- **Your goal**
Using the data below, return the stretch from the line that contains "2025 BMW X2 in Aurora, Ontario" through the line that contains "245 Ruffed Grouse Ln, Hedgesville, WV 25427", both included, exactly as it stands and nothing beyond it.

Information given Block Start

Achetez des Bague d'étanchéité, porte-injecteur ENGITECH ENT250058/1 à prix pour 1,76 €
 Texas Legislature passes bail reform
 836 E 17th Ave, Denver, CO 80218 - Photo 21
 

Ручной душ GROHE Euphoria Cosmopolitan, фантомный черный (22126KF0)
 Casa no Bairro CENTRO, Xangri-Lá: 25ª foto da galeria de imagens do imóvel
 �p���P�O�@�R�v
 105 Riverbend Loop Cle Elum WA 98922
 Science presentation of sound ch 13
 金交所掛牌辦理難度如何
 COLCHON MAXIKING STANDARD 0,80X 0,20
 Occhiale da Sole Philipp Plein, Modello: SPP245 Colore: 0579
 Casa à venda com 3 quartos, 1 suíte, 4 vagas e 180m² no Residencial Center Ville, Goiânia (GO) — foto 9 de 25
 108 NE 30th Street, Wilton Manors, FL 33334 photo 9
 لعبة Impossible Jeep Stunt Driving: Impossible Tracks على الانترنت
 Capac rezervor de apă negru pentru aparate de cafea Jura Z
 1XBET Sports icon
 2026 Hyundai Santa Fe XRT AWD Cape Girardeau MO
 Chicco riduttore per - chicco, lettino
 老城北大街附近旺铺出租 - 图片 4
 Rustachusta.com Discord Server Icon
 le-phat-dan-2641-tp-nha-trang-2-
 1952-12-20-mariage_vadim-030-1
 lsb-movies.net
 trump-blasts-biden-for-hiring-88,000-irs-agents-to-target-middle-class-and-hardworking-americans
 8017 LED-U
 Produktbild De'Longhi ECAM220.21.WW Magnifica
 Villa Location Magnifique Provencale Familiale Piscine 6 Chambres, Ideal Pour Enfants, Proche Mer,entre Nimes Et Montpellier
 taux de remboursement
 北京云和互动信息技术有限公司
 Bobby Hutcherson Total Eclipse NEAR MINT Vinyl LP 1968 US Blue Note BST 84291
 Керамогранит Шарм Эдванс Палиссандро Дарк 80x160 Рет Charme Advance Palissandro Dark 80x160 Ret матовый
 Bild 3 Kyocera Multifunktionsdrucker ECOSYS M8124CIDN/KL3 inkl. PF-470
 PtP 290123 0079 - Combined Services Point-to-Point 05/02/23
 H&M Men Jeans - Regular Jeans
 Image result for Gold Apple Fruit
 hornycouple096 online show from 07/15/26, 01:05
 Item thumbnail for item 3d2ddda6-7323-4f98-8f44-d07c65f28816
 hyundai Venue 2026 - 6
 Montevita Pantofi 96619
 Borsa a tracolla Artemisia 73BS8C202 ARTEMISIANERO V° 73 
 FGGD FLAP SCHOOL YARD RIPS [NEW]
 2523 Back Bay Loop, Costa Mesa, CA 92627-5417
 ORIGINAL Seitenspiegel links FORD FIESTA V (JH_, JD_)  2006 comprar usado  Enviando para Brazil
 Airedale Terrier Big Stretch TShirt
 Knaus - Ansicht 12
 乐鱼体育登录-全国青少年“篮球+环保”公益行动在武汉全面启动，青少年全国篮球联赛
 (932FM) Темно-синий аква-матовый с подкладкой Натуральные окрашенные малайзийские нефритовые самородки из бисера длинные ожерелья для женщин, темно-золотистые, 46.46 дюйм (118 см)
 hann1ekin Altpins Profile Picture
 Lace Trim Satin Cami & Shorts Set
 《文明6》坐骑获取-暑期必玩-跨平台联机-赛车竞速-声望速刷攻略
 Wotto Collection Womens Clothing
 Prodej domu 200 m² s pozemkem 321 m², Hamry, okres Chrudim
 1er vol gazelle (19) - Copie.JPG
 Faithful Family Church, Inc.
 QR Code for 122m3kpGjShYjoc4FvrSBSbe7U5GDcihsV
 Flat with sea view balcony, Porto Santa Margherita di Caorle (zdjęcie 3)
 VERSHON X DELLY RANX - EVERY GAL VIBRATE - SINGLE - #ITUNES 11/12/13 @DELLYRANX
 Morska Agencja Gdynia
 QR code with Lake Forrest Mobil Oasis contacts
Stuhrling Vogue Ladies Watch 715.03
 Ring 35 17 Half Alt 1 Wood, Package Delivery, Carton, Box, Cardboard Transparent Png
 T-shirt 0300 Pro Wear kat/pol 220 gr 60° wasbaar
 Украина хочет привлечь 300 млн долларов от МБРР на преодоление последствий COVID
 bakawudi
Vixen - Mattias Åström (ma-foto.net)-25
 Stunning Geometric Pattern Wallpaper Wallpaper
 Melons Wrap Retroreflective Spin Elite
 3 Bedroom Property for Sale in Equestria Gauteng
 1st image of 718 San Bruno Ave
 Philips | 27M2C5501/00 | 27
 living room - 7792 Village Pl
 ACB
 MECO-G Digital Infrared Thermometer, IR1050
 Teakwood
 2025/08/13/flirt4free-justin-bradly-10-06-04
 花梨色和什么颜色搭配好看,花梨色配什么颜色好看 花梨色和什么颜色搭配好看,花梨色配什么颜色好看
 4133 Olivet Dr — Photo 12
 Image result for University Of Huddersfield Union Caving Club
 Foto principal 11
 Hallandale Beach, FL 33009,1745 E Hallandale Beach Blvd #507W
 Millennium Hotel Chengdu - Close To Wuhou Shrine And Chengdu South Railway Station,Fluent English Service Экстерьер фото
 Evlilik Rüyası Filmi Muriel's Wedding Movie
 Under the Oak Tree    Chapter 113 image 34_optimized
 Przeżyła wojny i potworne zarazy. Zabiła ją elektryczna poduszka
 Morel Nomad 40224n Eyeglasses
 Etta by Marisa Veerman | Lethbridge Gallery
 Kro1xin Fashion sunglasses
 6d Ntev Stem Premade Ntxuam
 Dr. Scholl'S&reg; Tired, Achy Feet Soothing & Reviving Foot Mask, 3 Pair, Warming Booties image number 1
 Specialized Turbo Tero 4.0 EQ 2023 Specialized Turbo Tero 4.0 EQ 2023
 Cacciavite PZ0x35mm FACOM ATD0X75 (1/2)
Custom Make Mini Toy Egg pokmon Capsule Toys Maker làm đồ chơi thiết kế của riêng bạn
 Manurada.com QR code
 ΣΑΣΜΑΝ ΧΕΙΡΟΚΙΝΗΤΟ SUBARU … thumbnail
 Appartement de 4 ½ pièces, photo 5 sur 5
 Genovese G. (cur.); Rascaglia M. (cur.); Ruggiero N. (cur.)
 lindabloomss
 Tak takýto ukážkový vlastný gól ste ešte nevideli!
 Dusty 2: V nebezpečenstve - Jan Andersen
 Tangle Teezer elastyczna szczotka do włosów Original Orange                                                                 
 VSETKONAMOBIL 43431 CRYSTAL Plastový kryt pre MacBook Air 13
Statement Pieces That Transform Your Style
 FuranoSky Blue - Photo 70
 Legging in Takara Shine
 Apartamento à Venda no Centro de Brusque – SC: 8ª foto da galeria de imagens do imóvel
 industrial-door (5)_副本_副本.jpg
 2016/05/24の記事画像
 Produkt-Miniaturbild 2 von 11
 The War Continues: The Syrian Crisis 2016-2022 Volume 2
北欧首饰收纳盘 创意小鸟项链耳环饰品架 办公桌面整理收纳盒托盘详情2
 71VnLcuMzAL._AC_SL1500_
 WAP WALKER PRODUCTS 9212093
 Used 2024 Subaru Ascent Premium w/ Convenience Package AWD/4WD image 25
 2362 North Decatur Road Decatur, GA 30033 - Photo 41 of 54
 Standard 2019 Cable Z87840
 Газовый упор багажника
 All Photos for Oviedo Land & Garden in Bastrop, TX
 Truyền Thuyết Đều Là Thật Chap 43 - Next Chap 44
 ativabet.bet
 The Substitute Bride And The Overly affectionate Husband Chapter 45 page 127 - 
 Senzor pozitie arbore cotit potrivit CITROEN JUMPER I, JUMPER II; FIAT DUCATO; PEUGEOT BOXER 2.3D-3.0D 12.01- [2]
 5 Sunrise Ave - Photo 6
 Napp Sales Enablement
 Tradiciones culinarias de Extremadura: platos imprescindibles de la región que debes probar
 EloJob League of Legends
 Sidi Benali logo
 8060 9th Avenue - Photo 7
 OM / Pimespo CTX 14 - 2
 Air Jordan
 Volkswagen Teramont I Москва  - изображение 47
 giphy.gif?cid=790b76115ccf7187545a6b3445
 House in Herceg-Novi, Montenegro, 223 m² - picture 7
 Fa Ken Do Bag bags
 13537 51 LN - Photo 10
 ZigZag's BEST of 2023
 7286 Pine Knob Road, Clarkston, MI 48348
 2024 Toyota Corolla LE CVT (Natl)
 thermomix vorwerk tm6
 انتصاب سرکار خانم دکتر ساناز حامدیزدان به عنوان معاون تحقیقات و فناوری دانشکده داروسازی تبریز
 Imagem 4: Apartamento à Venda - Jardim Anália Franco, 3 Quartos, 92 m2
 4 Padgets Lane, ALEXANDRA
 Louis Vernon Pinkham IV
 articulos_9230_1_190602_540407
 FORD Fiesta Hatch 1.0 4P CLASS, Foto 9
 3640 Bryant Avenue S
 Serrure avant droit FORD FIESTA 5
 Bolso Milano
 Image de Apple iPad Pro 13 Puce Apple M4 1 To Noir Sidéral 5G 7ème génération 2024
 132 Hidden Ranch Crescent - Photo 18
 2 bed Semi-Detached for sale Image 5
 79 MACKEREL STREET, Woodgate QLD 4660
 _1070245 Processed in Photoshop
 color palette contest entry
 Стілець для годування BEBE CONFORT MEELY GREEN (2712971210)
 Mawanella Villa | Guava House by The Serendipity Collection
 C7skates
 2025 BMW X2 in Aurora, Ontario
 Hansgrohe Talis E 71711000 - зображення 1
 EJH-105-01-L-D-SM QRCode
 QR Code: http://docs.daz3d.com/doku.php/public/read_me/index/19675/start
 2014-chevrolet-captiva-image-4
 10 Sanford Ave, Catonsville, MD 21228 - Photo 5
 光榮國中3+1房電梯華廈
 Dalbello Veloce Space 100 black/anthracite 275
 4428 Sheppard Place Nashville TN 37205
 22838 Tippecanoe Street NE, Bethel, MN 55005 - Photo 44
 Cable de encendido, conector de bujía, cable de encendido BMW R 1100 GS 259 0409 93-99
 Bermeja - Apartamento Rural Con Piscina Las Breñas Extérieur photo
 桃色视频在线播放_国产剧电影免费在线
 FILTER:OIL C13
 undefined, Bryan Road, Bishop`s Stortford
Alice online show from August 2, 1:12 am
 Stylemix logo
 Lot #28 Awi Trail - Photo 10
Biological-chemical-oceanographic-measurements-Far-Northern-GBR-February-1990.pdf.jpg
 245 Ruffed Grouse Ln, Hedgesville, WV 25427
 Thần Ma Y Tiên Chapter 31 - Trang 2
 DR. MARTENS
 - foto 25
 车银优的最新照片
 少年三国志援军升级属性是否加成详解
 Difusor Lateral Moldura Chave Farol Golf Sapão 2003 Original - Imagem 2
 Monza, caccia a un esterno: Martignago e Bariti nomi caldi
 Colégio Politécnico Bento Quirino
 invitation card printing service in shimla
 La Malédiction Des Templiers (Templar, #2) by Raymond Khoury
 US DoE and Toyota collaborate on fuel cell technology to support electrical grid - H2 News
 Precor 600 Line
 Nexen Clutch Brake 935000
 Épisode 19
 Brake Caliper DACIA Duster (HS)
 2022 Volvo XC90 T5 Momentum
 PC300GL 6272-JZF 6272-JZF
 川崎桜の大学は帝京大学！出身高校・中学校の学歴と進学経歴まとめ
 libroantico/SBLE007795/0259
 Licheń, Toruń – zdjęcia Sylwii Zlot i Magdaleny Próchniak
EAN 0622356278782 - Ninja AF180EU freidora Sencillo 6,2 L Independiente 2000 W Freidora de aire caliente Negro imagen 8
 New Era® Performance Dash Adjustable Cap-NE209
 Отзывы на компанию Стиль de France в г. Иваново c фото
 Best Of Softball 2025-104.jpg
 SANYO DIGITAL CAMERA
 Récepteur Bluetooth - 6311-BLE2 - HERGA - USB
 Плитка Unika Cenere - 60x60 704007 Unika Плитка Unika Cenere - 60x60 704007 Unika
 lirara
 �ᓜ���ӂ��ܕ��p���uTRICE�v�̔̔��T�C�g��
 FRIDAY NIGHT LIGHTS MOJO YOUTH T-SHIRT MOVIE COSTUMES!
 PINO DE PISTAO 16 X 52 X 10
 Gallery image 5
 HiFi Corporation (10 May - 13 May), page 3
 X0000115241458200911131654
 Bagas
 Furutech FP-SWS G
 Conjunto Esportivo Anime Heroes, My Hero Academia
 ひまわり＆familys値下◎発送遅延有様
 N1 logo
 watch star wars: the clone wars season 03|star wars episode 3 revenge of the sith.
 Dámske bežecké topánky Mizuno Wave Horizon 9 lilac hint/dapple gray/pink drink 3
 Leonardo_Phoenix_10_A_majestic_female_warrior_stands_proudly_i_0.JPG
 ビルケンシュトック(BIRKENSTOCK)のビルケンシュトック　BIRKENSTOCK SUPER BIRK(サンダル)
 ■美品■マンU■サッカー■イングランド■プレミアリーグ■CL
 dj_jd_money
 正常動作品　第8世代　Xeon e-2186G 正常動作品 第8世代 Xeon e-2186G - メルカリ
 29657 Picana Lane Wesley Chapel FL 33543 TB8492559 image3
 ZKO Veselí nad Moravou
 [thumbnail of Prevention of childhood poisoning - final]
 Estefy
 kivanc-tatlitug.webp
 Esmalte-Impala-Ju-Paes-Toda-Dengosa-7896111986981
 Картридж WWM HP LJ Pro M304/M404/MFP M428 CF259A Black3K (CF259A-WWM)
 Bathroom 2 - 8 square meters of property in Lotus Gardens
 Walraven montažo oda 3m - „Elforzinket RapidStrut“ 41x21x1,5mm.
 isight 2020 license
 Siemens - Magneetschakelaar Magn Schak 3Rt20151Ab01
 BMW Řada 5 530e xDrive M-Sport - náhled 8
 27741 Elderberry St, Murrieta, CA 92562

Information given Block End

- **Answer below**
 2025 BMW X2 in Aurora, Ontario
 Hansgrohe Talis E 71711000 - зображення 1
 EJH-105-01-L-D-SM QRCode
 QR Code: http://docs.daz3d.com/doku.php/public/read_me/index/19675/start
 2014-chevrolet-captiva-image-4
 10 Sanford Ave, Catonsville, MD 21228 - Photo 5
 光榮國中3+1房電梯華廈
 Dalbello Veloce Space 100 black/anthracite 275
 4428 Sheppard Place Nashville TN 37205
 22838 Tippecanoe Street NE, Bethel, MN 55005 - Photo 44
 Cable de encendido, conector de bujía, cable de encendido BMW R 1100 GS 259 0409 93-99
 Bermeja - Apartamento Rural Con Piscina Las Breñas Extérieur photo
 桃色视频在线播放_国产剧电影免费在线
 FILTER:OIL C13
 undefined, Bryan Road, Bishop`s Stortford
Alice online show from August 2, 1:12 am
 Stylemix logo
 Lot #28 Awi Trail - Photo 10
Biological-chemical-oceanographic-measurements-Far-Northern-GBR-February-1990.pdf.jpg
 245 Ruffed Grouse Ln, Hedgesville, WV 25427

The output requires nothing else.